ノートの左側には、上から下へと振り下ろした線。右側には、下から上へと突き上げた線。 一見するとただの棒の羅列ですが、この1本1本には、僕の右手の「迷い」が全て記録されています。
「下から上」という未知の摩擦
今回、最も大きな気づきは、ストロークの方向による制御難易度の差でした。
- 上から下(Top to Bottom): 腕の自重と重力を利用できるため、スタートから終わりまでが非常にスムーズ。
- 下から上(Bottom to Top): 身体の構造上、不自然な筋肉の動きを強いられる。特に「書き出しの瞬間」の圧力が安定せず、線が震える傾向にある。
「下から上は描きにくい。描きなれてない」。という発見。



揺らぎを加えたいなってときは下から上に描こう。
【分析】気づきを大切にする練習方法
僕が提唱する「上達のシステム」において、最も重要なのは「綺麗に描くこと」ではありません。「何を感じたか」を紙に残すことです。
物理的な摩擦の偏り(科学者のレンズ)
上から下のストロークでは、鉛筆の芯が紙の繊維を滑らかに撫でていきます。しかし、下から上では、鉛筆の芯の先が紙に「刺さる」ような抵抗が発生します。このわずかな摩擦の差を指先が検知し、脳に「不快感」として信号を送っている。
「描き慣れ」という名のコード化(心理学者のレンズ)
「描きなれてない」という感覚は、脳内にその動作の「関数(Function)」がまだ構築されていない証拠です。この違和感を無視せず、あえて「下から上の安定」を目標に据えることで、脳の未開拓な領域を強引に開発していきます。
垂直線のリズム(芸術家のレンズ)
ノートに並んだ縦線は、まるでデジタル世界の「バーコード」や「ヒストグラム」のようです。このアナログな揺らぎ(Noise)をコントロールし、意図的に「揃える」能力が、最終的なクリエイティブコーディングの構成美を支える基礎体力になります。
不完全な1本が、未来を構築する
「気づいたことを大切にする練習方法」。 文字にすれば当たり前ですが、これを10,000回繰り返せる人間は、世界に何人いるでしょうか。

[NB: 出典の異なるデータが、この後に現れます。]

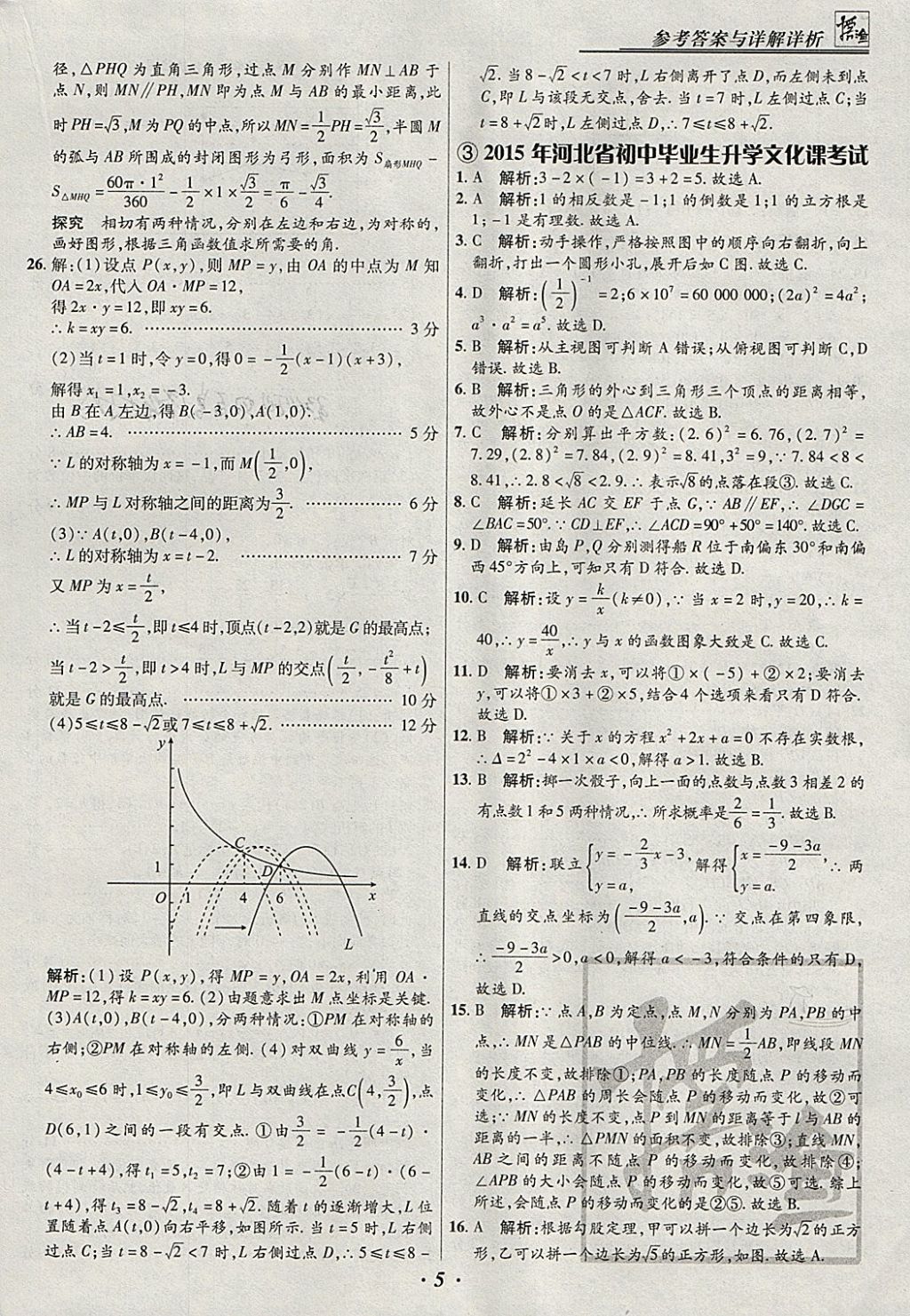 2018年授之以渔河北各地市中考试题汇编数学河北专用 参考答案第5页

今日の僕の「下から上の違和感」は、いつかコードによって描かれる「完璧な垂直線」に、人間らしい体温を宿すための大切なデータです。
一は全、全は一(One is All, All is One)。 A-007(横線)とA-008(縦線)。この二つの交差点に、僕の表現の原点があります。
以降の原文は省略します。